As highly successful and widely applied machine learning methods, deep learning and reinforcement learning are the core techniques underlying the latest major breakthroughs in the field of AI. Building on the general principles and methodology of machine learning and motivated by important practical problems, this course will introduce the basic concepts and methods, mathematical foundations and theory, optimization algorithms, and applications and case studies of deep learning and reinforcement learning.
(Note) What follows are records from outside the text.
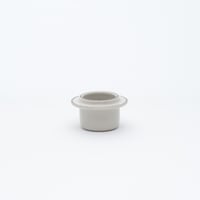 Arabia｜Fennica｜egg/candle holder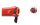 Spyra SPGR1R Wasserpistole/ Wasserballon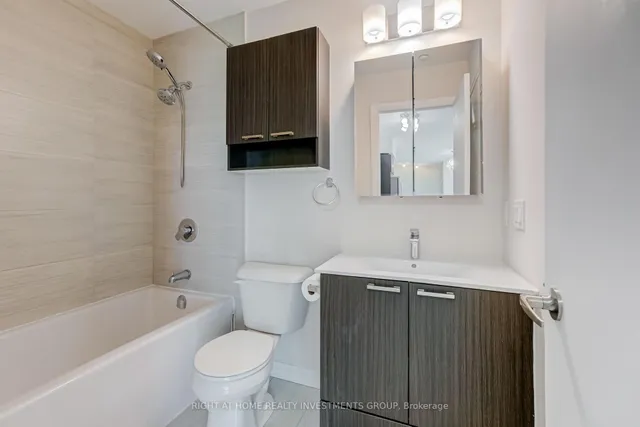 Additional image 21 of 2150 Lawrence Ave Unit PH03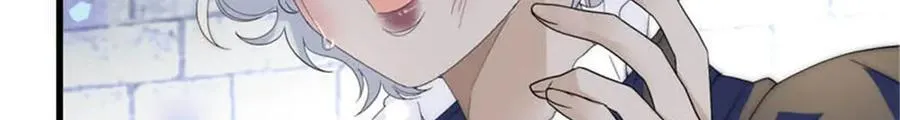 31 这牢坐的挺舒服50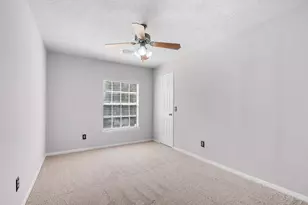 10414 Copperdale Ln, Houston, TX 77064 - Photo 24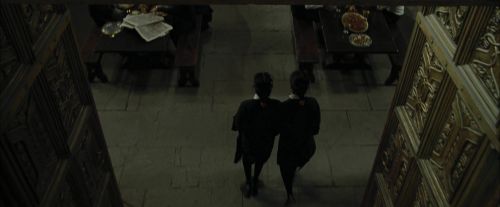 Click to view full size image
==============
CdF-Potterish_4139.jpg CdF-Potterish_4139.jpg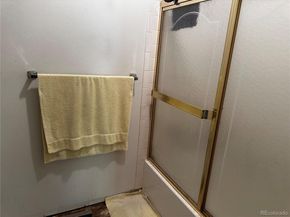 7154 E Dry Creek Circle, Centennial CO 80112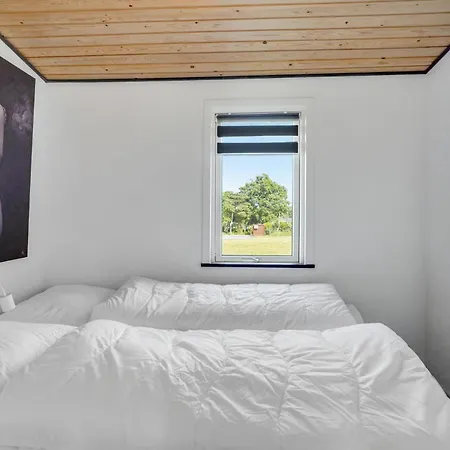 3 Bedroom Lovely In *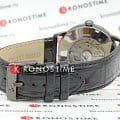 Orient AG02001B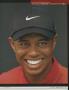 Page: - 129 | Golf Digest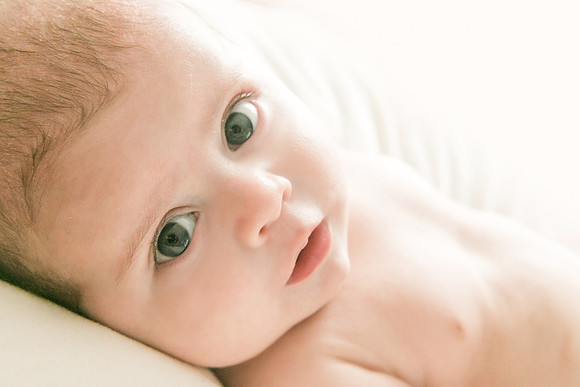 Braden 2mth-50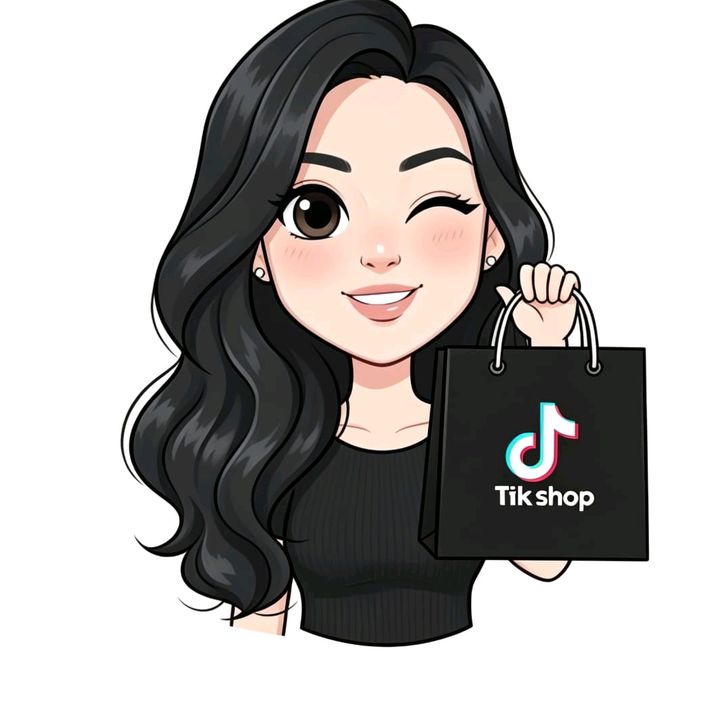 Achadinhos do tik tok 🛍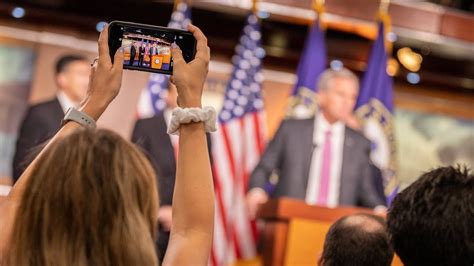Watch latest kevin mccarthy movies and series. Kevin McCarthy Calls Out Dems for Inaction against Anti ...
The part on deep learning will cover feedforward neural networks, regularization and optimization for deep learning, convolutional neural networks, recurrent neural networks, and autoencoders and generative models; the part on reinforcement learning will cover multi-armed bandits, Markov decision processes, dynamic programming, Monte Carlo methods, temporal difference learning, and deep reinforcement learning.

Syllabus

Lectures and Assignments

Week	Date	Topics	References	Assignments	Notes
1	9/9	Introduction, machine learning basics	DL Sec. 5.1
2	9/14	Generalization, bias–variance trade-off	DL Secs. 5.2–5.4		See Belkin et al. (2019) for the double descent phenomenon and Hastie et al. (2022) for a theory in linear models.
	9/16	Inference principles, feedforward networks	DL Secs. 5.4–5.11, 6.1–6.3
3	9/23	Universal approximation, back-propagation	DL Secs. 6.4–6.6
4	9/28	Regularization for DL, weight decay	DL Secs. 7.1–7.5
	9/30	Early stopping, dropout	DL Secs. 7.8–7.14	Homework 1
5	10/7	Optimization for DL	DL Secs. 8.1–8.3
6	10/12	Initialization, adaptive algorithms	DL Secs. 8.4–8.7
	10/14	Convolutional networks	DL Chap. 9		See He et al. (2016) for residual networks.
7	10/21	Recurrent networks	DL Chap. 10	Homework 2
8	10/26	Reinforcement learning basics, multi-armed bandits	RL Chaps. 1 & 2
	10/28	Markov decision processes	RL Chap. 3
9	11/4	Dynamic programming	RL Chap. 4
10	11/9	Monte Carlo methods	RL Chap. 5		A recent progress on the open question about the convergence of MCES was made by Wang et al. (2022).
	11/11	Temporal difference learning	RL Chap. 6, Secs. 7.1–7.3, 12.1	Homework 3
11	11/18	Midterm exam			Mean = 43, median = 43.5, Q1 = 34, Q3 = 54.5, high score = 75
12	11/23	Autoencoders, approximate inference	DL Chaps. 14 & 19
	11/25	Deep generative models	DL Chap. 20		For diffusion models, see Sohl-Dickstein et al. (2015) and Ho, Jain & Abbeel (2020).
13	12/2	On-policy prediction with approximation	RL Chap. 9
14	12/7	On-policy control with approximation, policy gradient methods	RL Chaps. 10 & 13	Homework 4
	12/9	Oral presentations
15	12/16	Oral presentations			Written report due 12/21